▶ Task requirements
Please give the lines below again exactly as they stand, from the one that contains "2213203613 Mercedes-Benz S-Class" up to and including the one that contains "Orchida Mix Basket", leaving all pictures out.

▶ Given records
= = = =
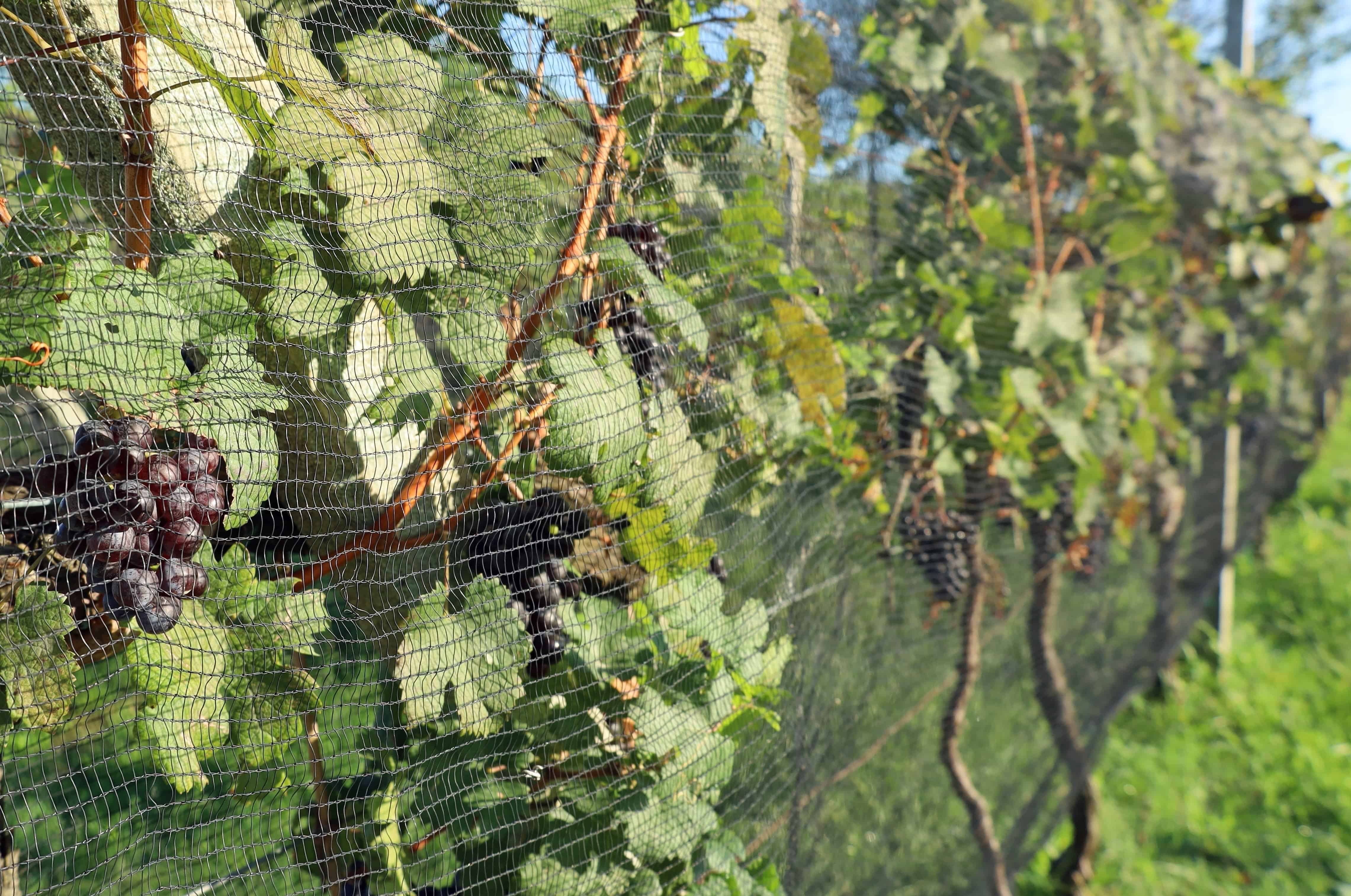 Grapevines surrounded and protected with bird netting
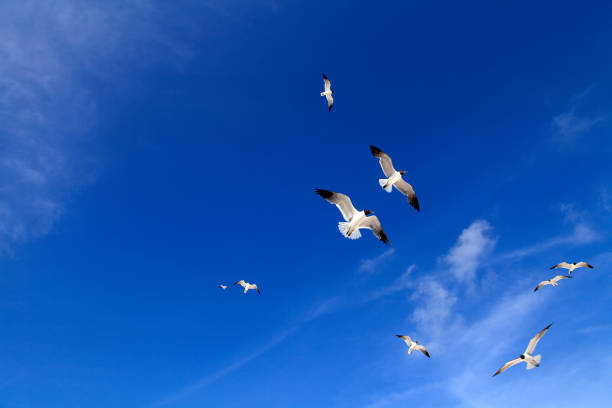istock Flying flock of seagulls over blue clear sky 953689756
= = = =
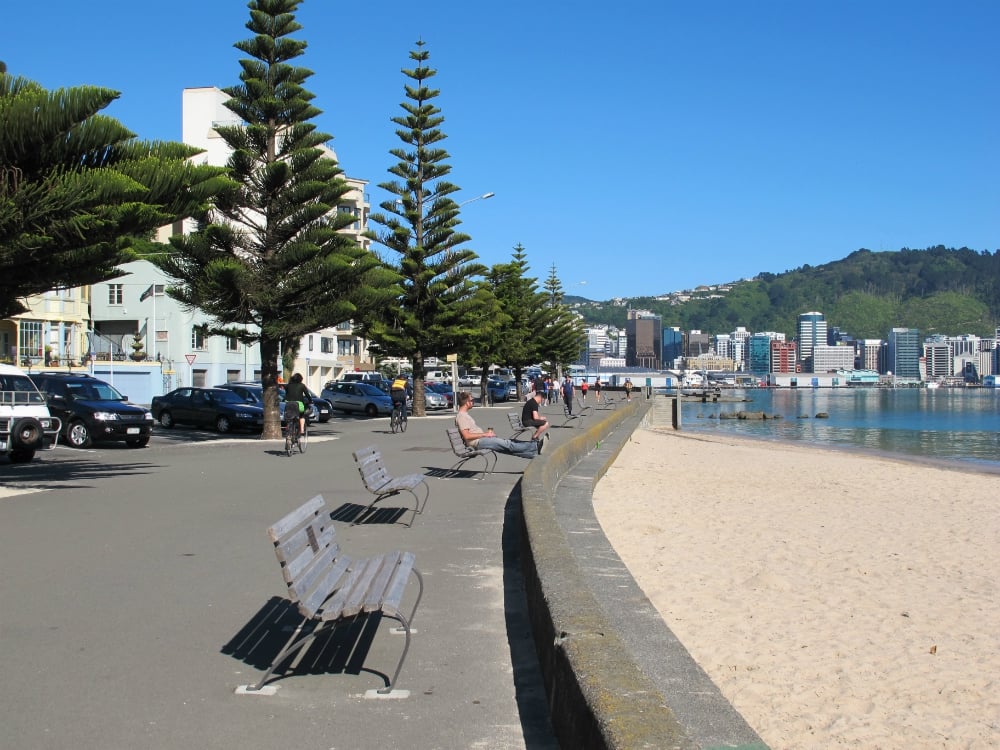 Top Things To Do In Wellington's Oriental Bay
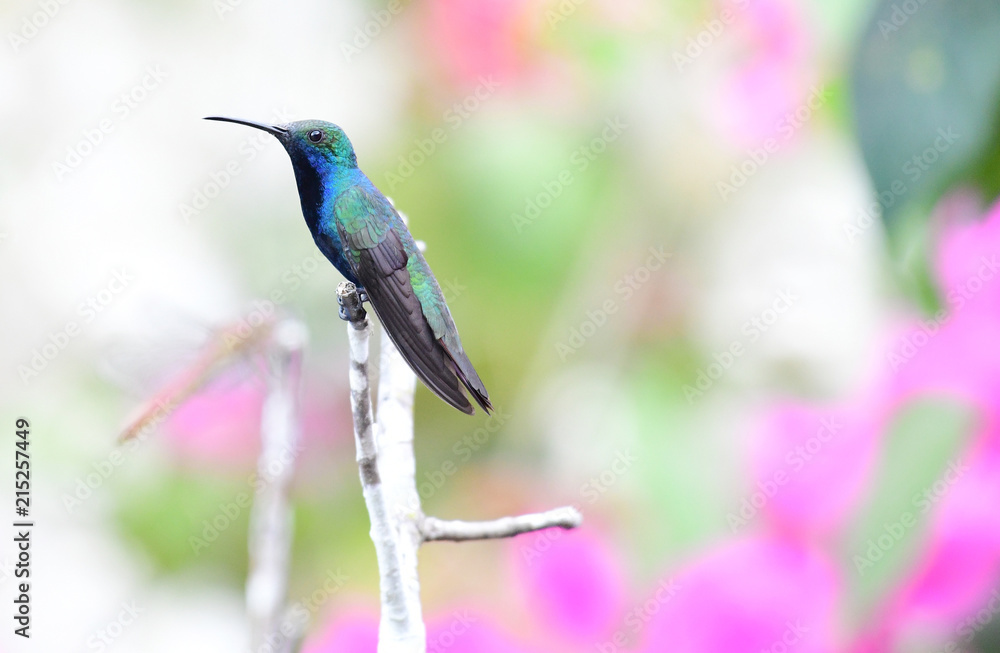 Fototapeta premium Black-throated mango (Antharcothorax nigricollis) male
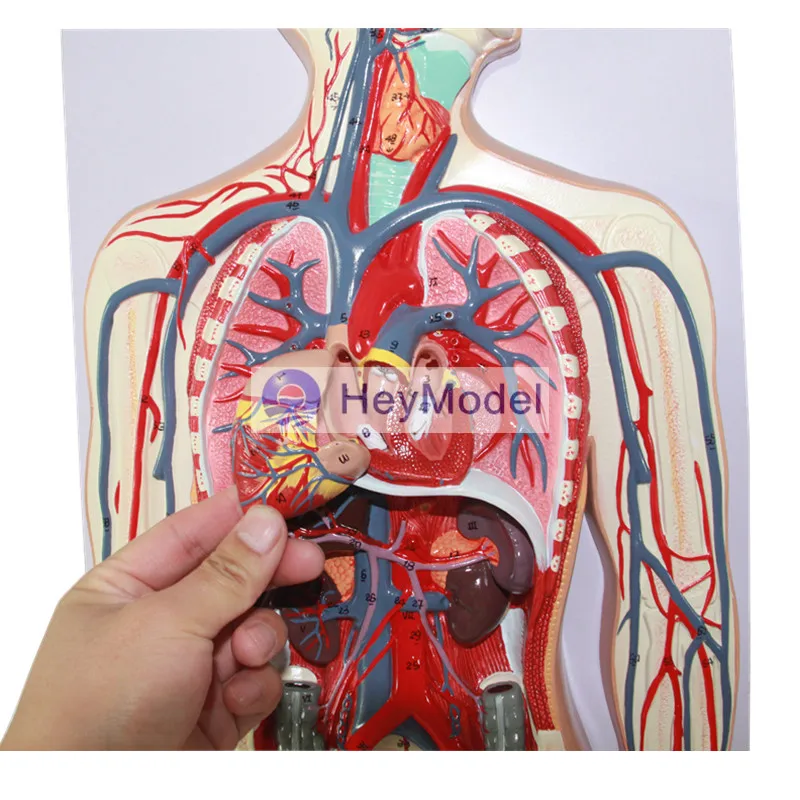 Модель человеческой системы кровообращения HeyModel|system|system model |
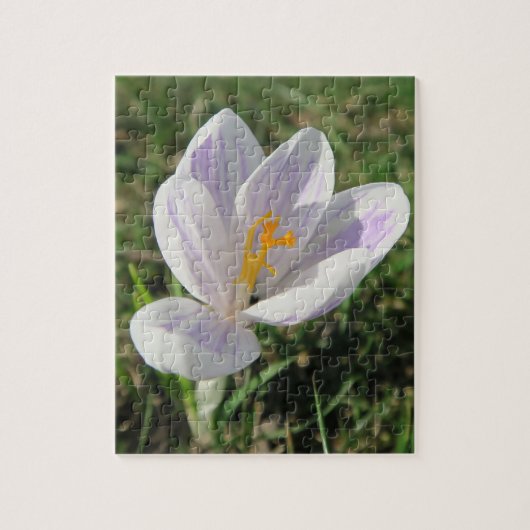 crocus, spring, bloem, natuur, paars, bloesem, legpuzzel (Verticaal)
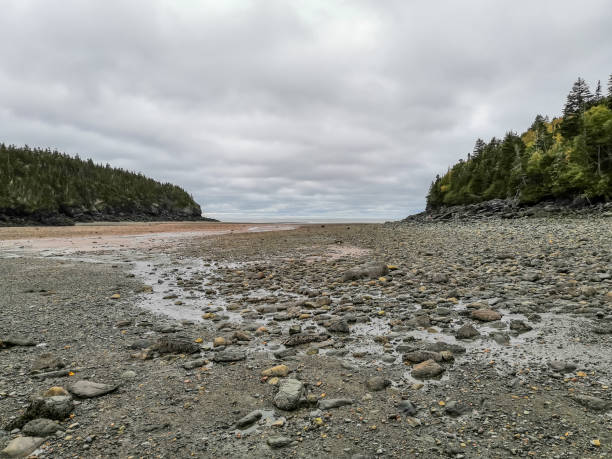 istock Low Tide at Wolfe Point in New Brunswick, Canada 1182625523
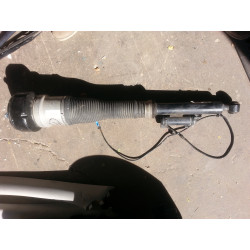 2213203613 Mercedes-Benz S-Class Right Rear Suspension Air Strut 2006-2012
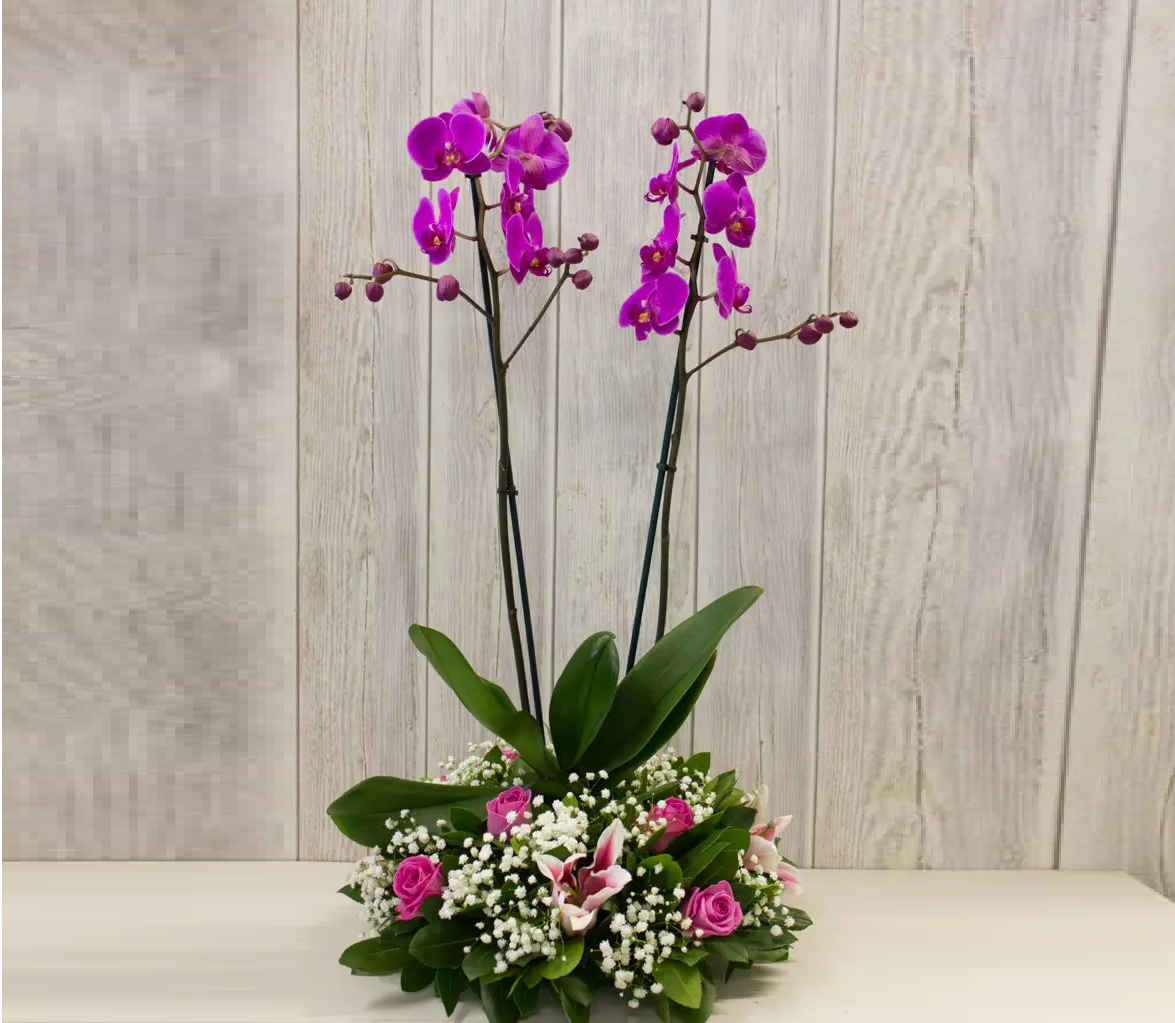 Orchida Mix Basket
= = = =
▶ Written solution
 2213203613 Mercedes-Benz S-Class Right Rear Suspension Air Strut 2006-2012
 Orchida Mix Basket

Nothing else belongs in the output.